Katherine Lothrop Statistical Research Update

Through these past few weeks, I have been exploring my knowledge (with a ton of troubleshooting) of R studio and big data analysis.  

I am currently working with Tawnya Peterson to help her prepare her current research paper of M. bacteria growth and it's link to chlorophyll.  Over the past several weeks I have been learning how to strip the data off the web, and analyze a year's worth of data.  

Imagine this: A sensor takes a sample of the salinity, temperature, RFU, Fluorescence, etc. every 3 seconds, how do you analyze a year's worth of data? If you were to import it into excel, it would take an entire day, if not longer.  With R studio, a free coding language designed to handle big data, it takes only 4 minutes.  

This has been my project.  For the first couple of weeks I really struggled with stripping the data and time off the web, and formatting the time from millions of seconds (ex: 11231120 seconds) to date format (Febuary 28, 2014).  After finally figuring out how to format this using the ggplot2 package, I moved on to struggle with formatting the data and time together, on a time series graph over the course of a year.  Now it is week 6, and I have finally produced more than 15 acceptable plots for Tawnya to use in her research paper.  We are about to move on to the regression analysis of the data and exploring different statistical analysis techniques.  

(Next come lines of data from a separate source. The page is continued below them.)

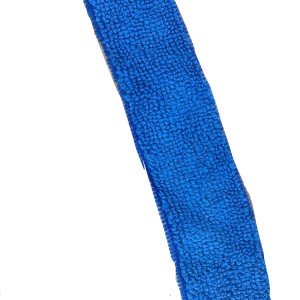 Hot Selling Blue Strip Microfiber Cleaning Mop Head With Plastic Head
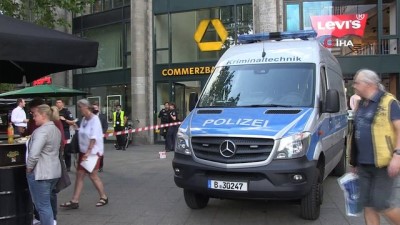 para nakil araci -  - Berlin'de 1 saat içerisinde 2 banka soygunu Videosu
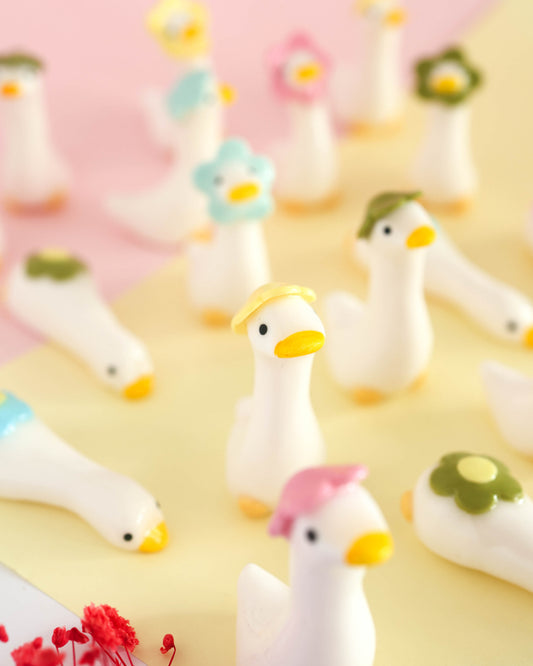 Flowering Goose Desk Friend Figurines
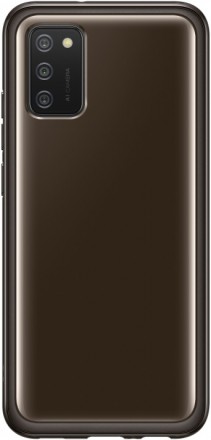 Клип-кейс Samsung Galaxy A02s Soft Clear Cover Black (EF-QA025TBEGRU)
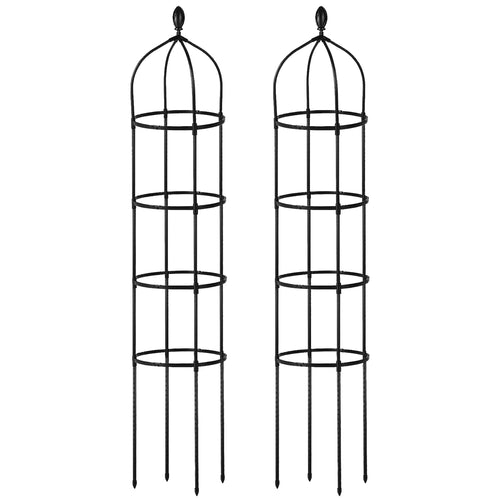 2 Packs Garden Obelisk Trellis 5.9FT Plants Tower for Climbing Plants Flower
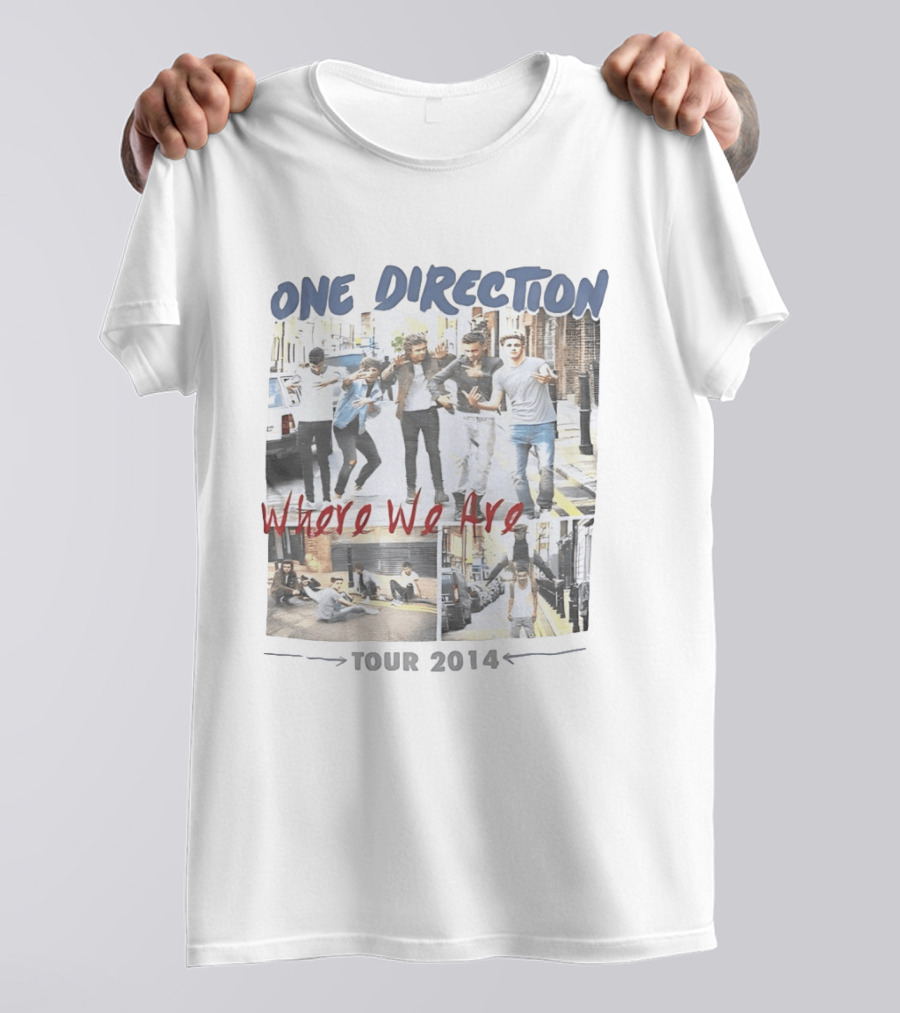 One Direction Where We Are Tour 2014 Collage Streets Photos T-Shirt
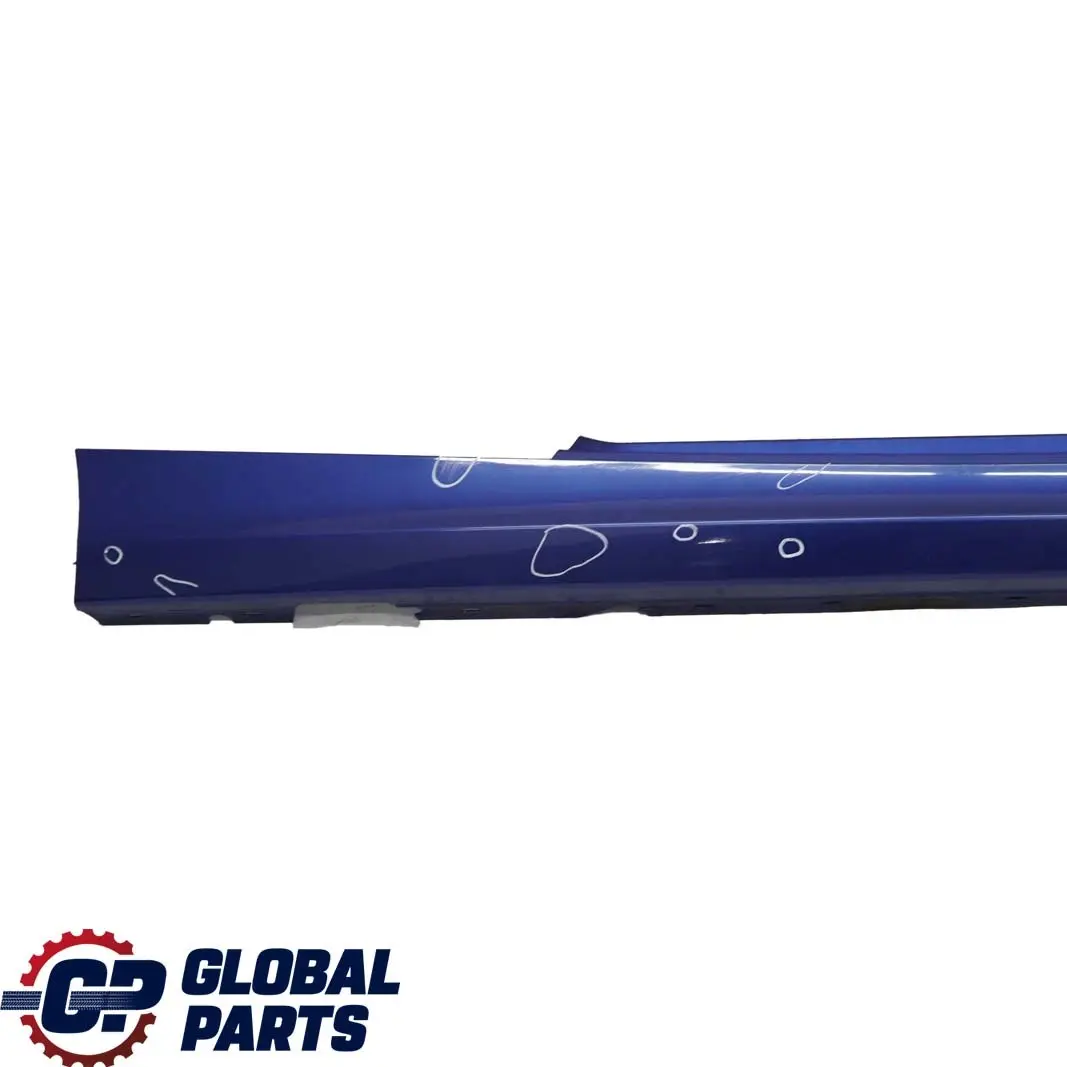 BMW 1 E81 E82 E88 5 Sill Strip Side Skirt Right O/S Montegoblau Blue - A51 - SKU 0036142-MTB5 - Part number 0036142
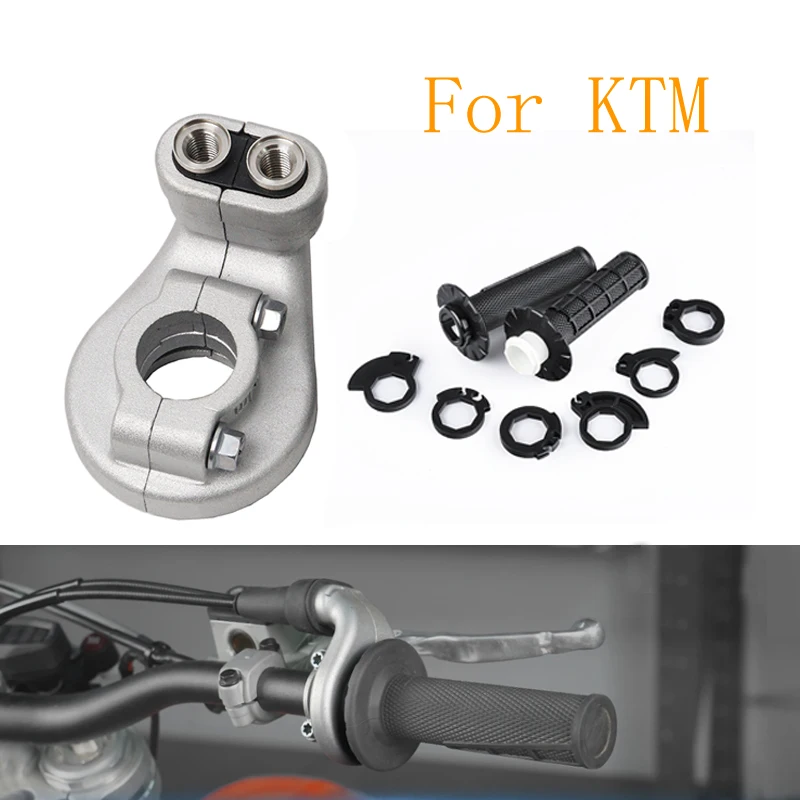 Base de carcasa de Control de acelerador de motocicleta, empuñaduras de manillar Snapon Cam Lockon de 7/8 "para KTM SXF SXW SXFW EXC TC TE FC FX FE EC 17-25
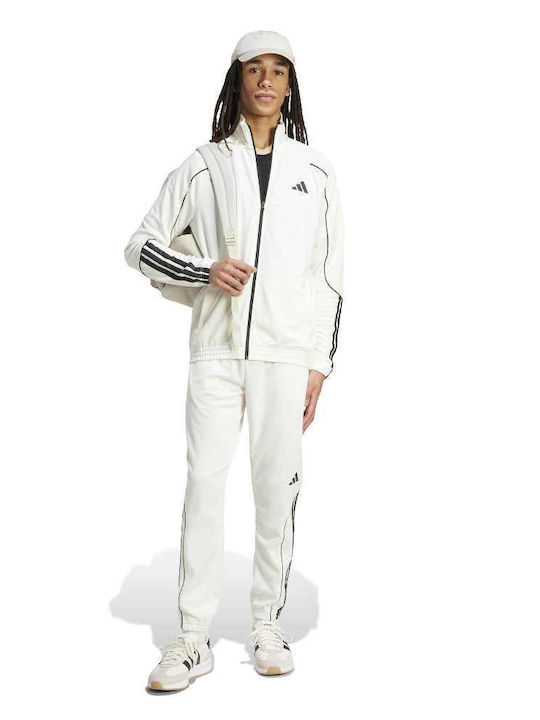 Ποδοσφαιρικό Σετ Φόρμας Γυαλιστερό Off White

This does not include the work I have done before joining Tawnya out in Portland.  Before arriving in Portland, I worked with Tawnya to create graphs of tidal cycles using salinity, temperature, elecrical conductivity, etc. for a random day of a month, a random month of the year, and a random 14 day tidal cycle.  

This will be very useful in my future career, as companies are never at a loss for information and data to be analyzed.  I hope to use my background in statistics to one day provide useful anylyses of product design manufacturing efficiency.